* _Exercise_: A faithful copy is needed of the lines below from the one with "ZARA Red double" up to and including the one with "CozyPhones PJ Masks"; set it down with no pictures and no other lines.

* _Exercise input_:
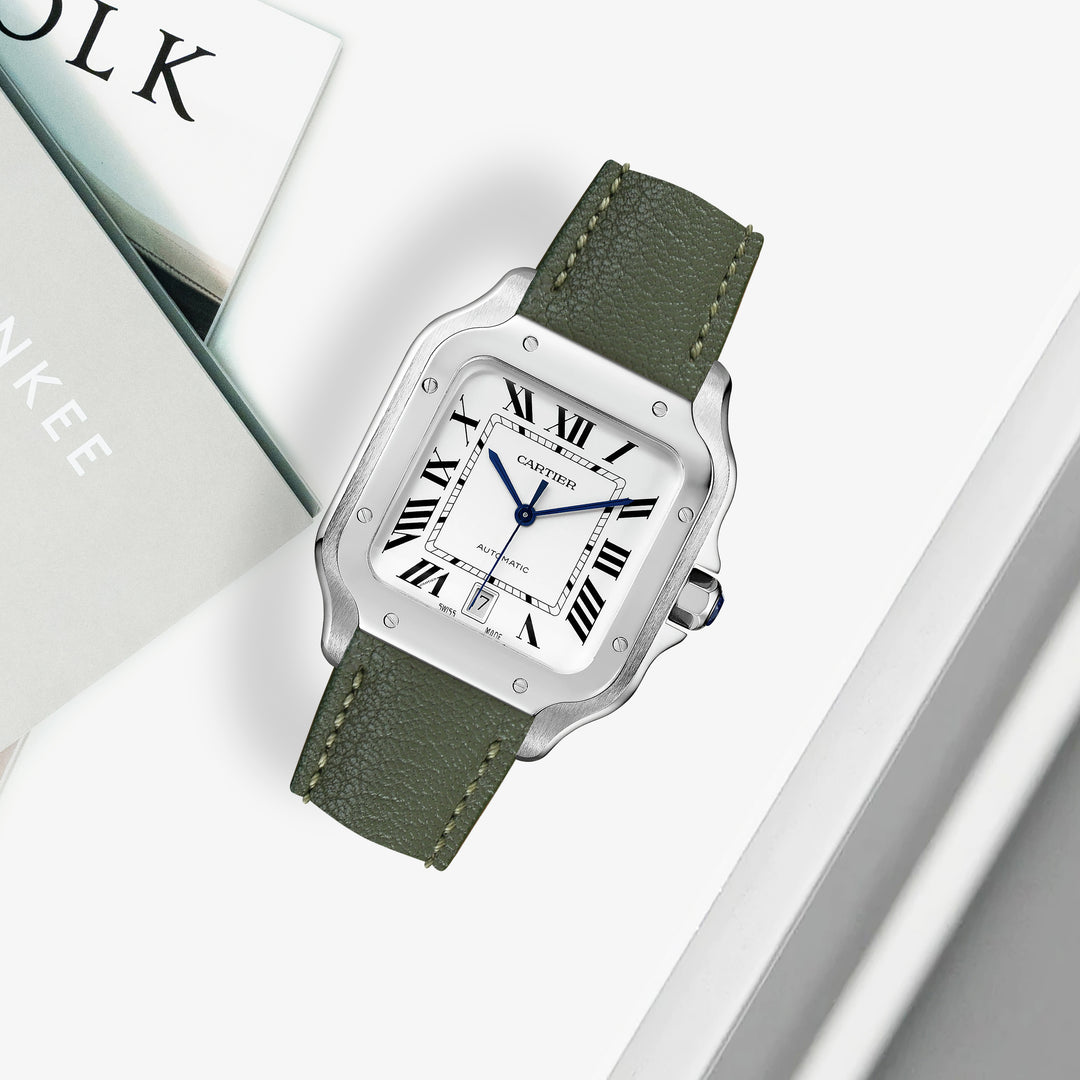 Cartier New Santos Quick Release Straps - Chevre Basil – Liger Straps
* * *
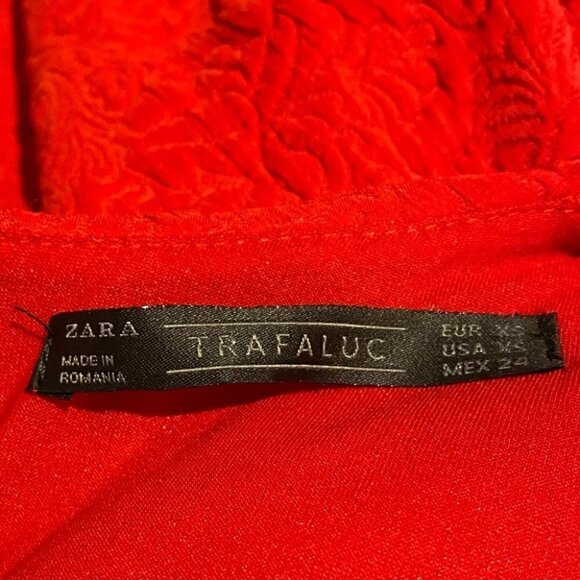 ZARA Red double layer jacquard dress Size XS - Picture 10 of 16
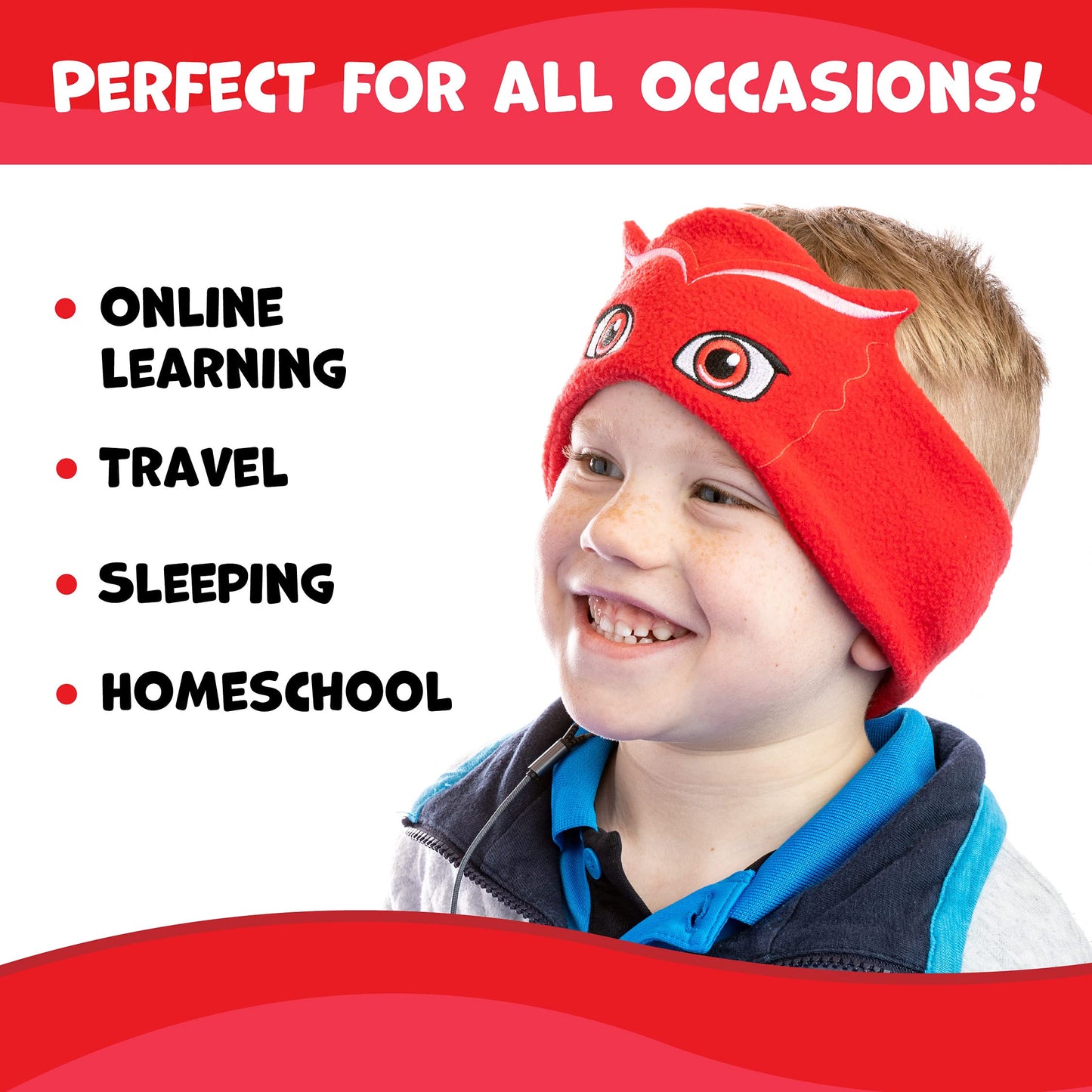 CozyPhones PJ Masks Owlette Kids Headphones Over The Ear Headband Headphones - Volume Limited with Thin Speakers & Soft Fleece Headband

* _Worked solution_:
 ZARA Red double layer jacquard dress Size XS - Picture 10 of 16
 CozyPhones PJ Masks Owlette Kids Headphones Over The Ear Headband Headphones - Volume Limited with Thin Speakers & Soft Fleece Headband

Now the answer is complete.